▶ _Required action_: Exact duplicates of the lines from the top of the data through the line containing "氨糖软骨素钙片和什么搭配最好？氨糖软骨素钙片的配合用药？" are needed, with every picture left out.

▶ _Records provided_:
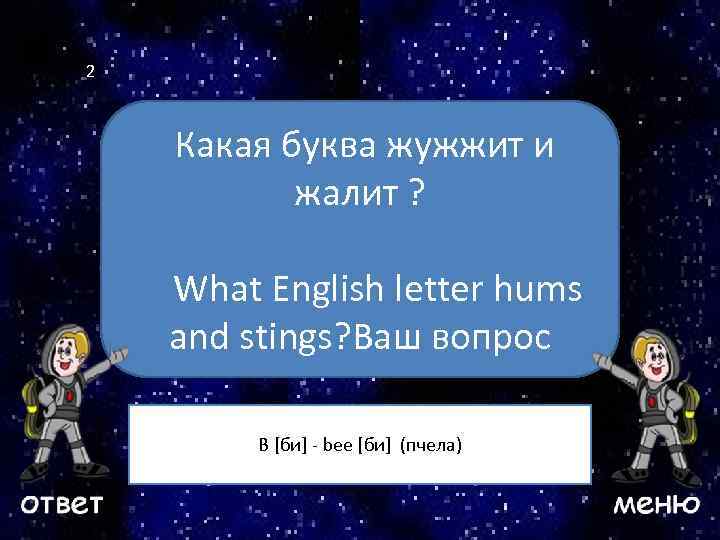 2 Какая буква жужжит и жалит ? Ваш вопрос What English letter hums and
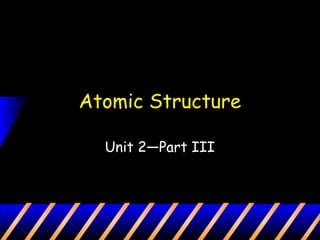 Atomic Structure
Unit 2—Part III
 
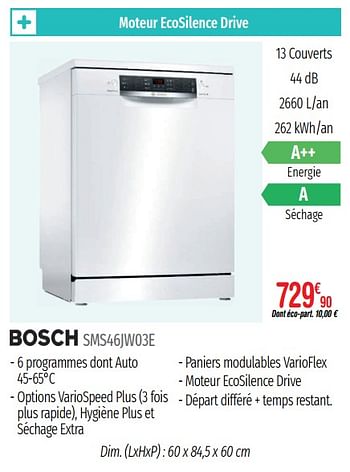 Promotions Lave-vaisselle bosch sms46jw03e - Bosch - Valide de 01/07/2019 à 31/12/2019 chez Domial Èlectromenager Image et Son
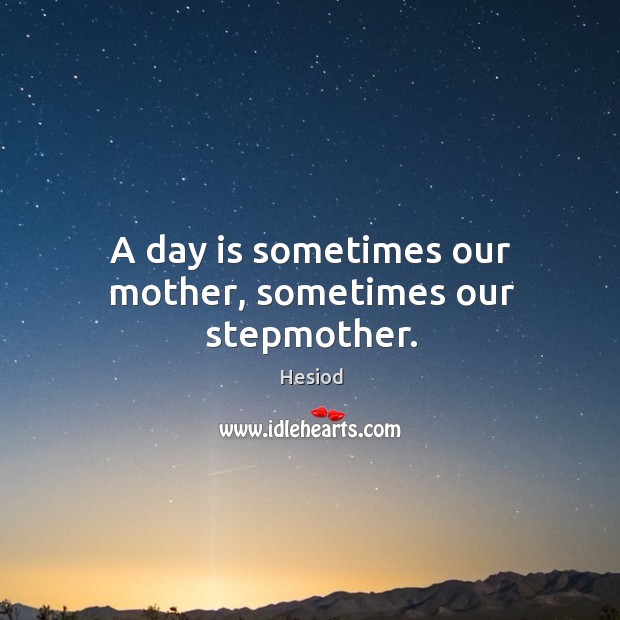 A day is sometimes our mother, sometimes our stepmother. Hesiod Picture Quote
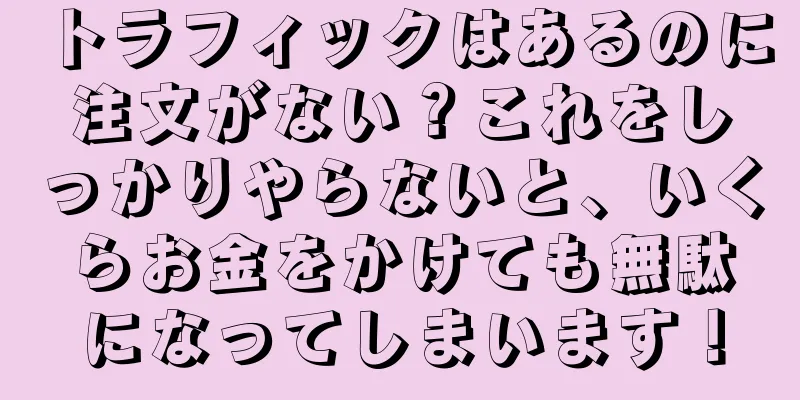 トラフィックはあるのに注文がない？これをしっかりやらないと、いくらお金をかけても無駄になってしまいます！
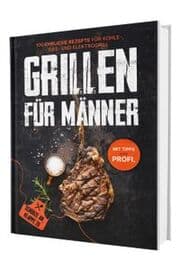 Cover von Grillen für Männer: Schürze an, Klappe zu! +100 ehrliche Rezepte für deinen Gasgrill - Mit Tipps vom Profi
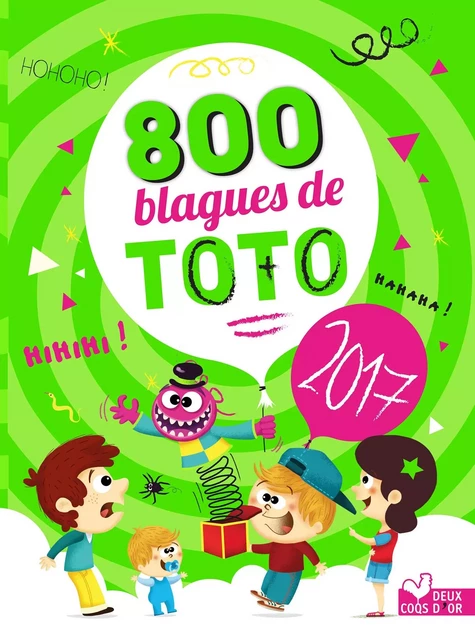 800 blagues préférées de Toto 2017 -  - Deux Coqs d'Or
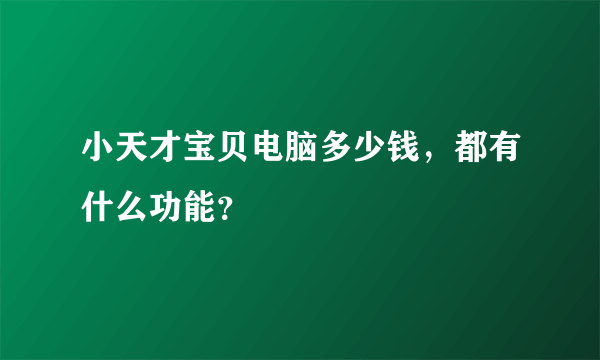 小天才宝贝电脑多少钱，都有什么功能？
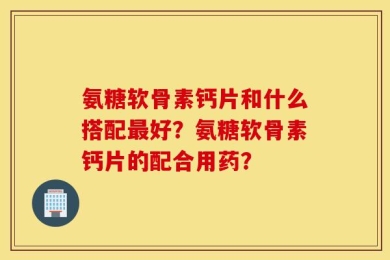 氨糖软骨素钙片和什么搭配最好？氨糖软骨素钙片的配合用药？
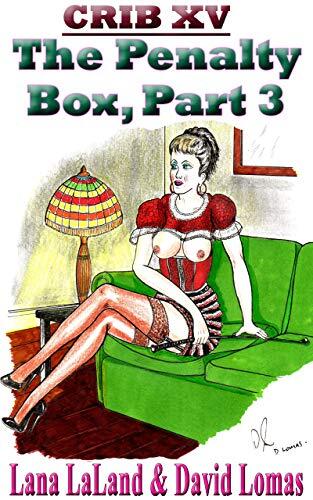 CRIB XV: The Penalty Box, Part 3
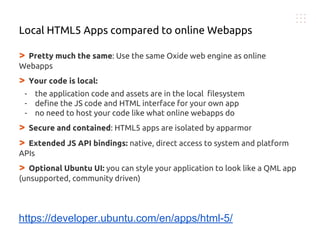 > Pretty much the same: Use the same Oxide web engine as online
Webapps
> Your code is local:
- the application code and assets are in the local filesystem
- define the JS code and HTML interface for your own app
- no need to host your code like what online webapps do
> Secure and contained: HTML5 apps are isolated by apparmor
> Extended JS API bindings: native, direct access to system and platform
APIs
> Optional Ubuntu UI: you can style your application to look like a QML app
(unsupported, community driven)
Local HTML5 Apps compared to online Webapps
https://developer.ubuntu.com/en/apps/html-5/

▶ _Reply_:
 2 Какая буква жужжит и жалит ? Ваш вопрос What English letter hums and
 Atomic Structure
Unit 2—Part III
 
 Promotions Lave-vaisselle bosch sms46jw03e - Bosch - Valide de 01/07/2019 à 31/12/2019 chez Domial Èlectromenager Image et Son
 A day is sometimes our mother, sometimes our stepmother. Hesiod Picture Quote
 トラフィックはあるのに注文がない？これをしっかりやらないと、いくらお金をかけても無駄になってしまいます！
 Cover von Grillen für Männer: Schürze an, Klappe zu! +100 ehrliche Rezepte für deinen Gasgrill - Mit Tipps vom Profi
 800 blagues préférées de Toto 2017 -  - Deux Coqs d'Or
 小天才宝贝电脑多少钱，都有什么功能？
 氨糖软骨素钙片和什么搭配最好？氨糖软骨素钙片的配合用药？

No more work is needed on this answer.